By analyzing the different phenotypes of two Chinese DFNA9 families with the same mutation located in the intervening region between the LCCL and vWFA domains of cochlin and testing the functional changes in the mutant cochlin, we investigated the different pathogeneses for mutations in LCCL and vWFA domains.

Methods

Targeted next-generation sequencing for deafness-related genes was used to identify the mutation in the proband in family #208. The probands of family #208 and family #32 with the same p.C162Y mutation were followed for more than 3 years to evaluate the progression of hearing loss and vestibular dysfunction using pure-tone audiometry, caloric testing, electrocochleogram, vestibular-evoked myogenic potential, and video head-impulse test.
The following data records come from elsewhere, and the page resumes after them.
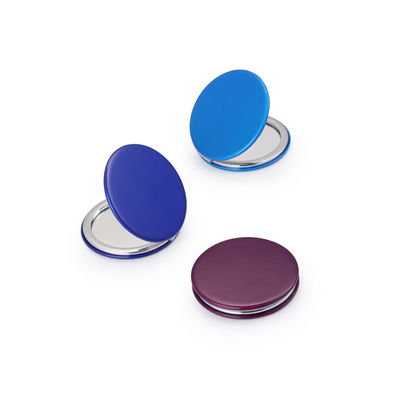 Customized Round PU Pocket Mirror Kompakter Kosmetischer Spiegel mit 1X/2X Vergrößerung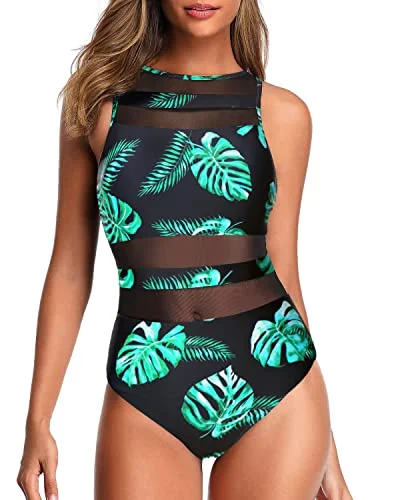 High Neck One Piece Swimsuits Mesh Open Back Swimwear for Women Modern High-Waisted Swimsuit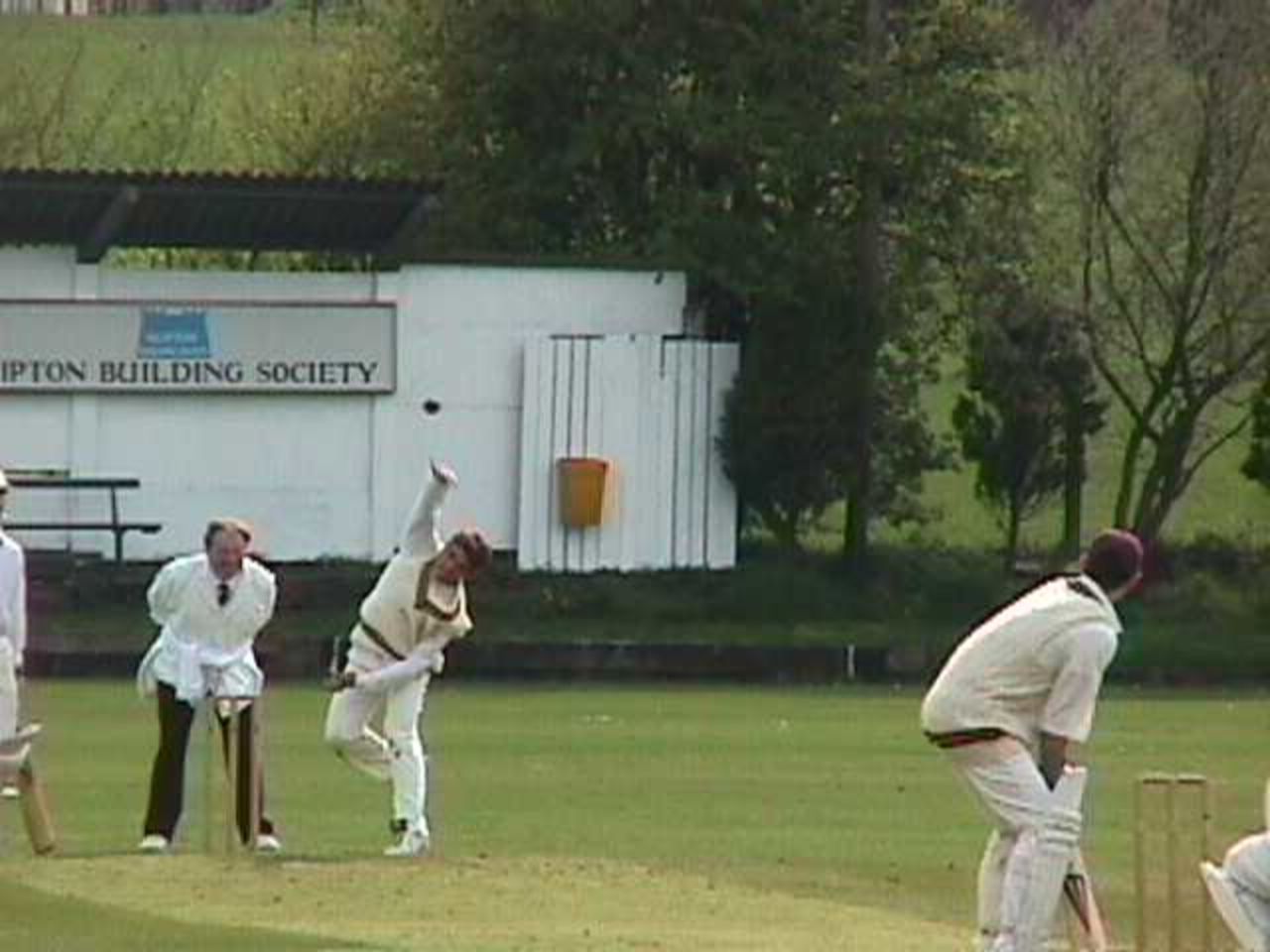 Haslingden professional Paul Strang tempts Accrington number 11 Damian Clarke with a googly on Sunday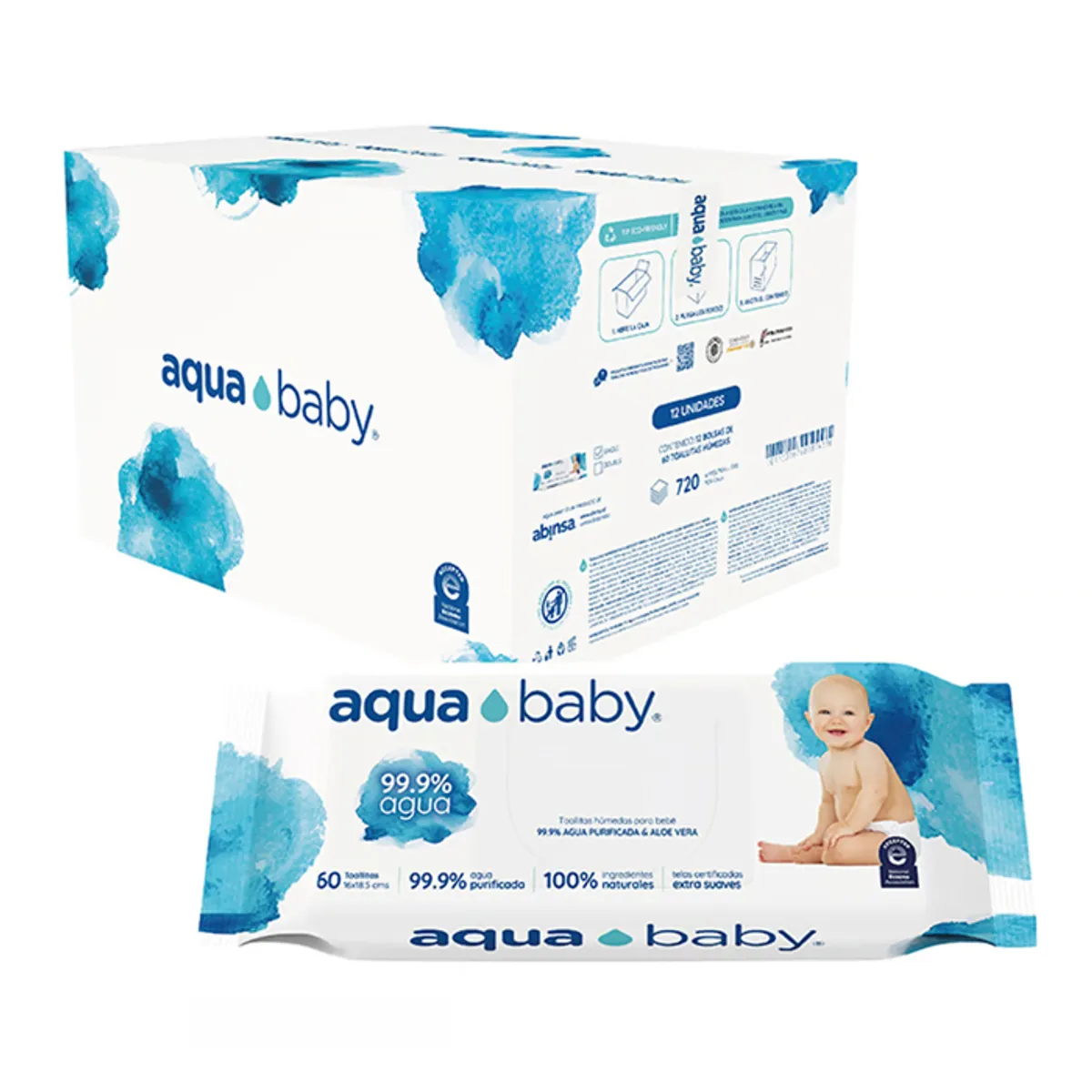 AQUA BABY - Wipes Toallas Húmedas Aquababy 60 – Caja 12 paquetes 720 unidades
The disruption of normal cleavage to produce secreted LCCL domain fragments and the tendency to form aggregations of mutant cochlins were tested by in vitro cell experiments.

Results

The two families showed different clinical symptoms. Family #32 was identified as having early-onset, progressive sensorineural hearing loss, similar to the symptoms in DFNA9 patients with cochlin mutations in the vWFA domain. The proband of family #208 endured late-onset recurrent paroxysmal vertigo attacks and progressively deteriorating hearing, similar to symptoms in those with cochlin mutations in the LCCL domain. We therefore suggest that the disrupted cleavage of the LCCL domain fragment is likely to cause vestibular dysfunction, and aggregation of mutant cochlin caused by mutations in the vWFA domain is responsible for early-onset hearing loss. The p.C162Y mutation causes either disruption of LCCL domain fragment cleavage or aggregation of mutant cochlin, resulting in the different phenotypes in the two families.

Conclusion

This study demonstrates that DFNA9 families with the same genotype may have significantly different phenotypes. The mutation site in cochlin is related to the pathological mechanism underlying the different phenotypes.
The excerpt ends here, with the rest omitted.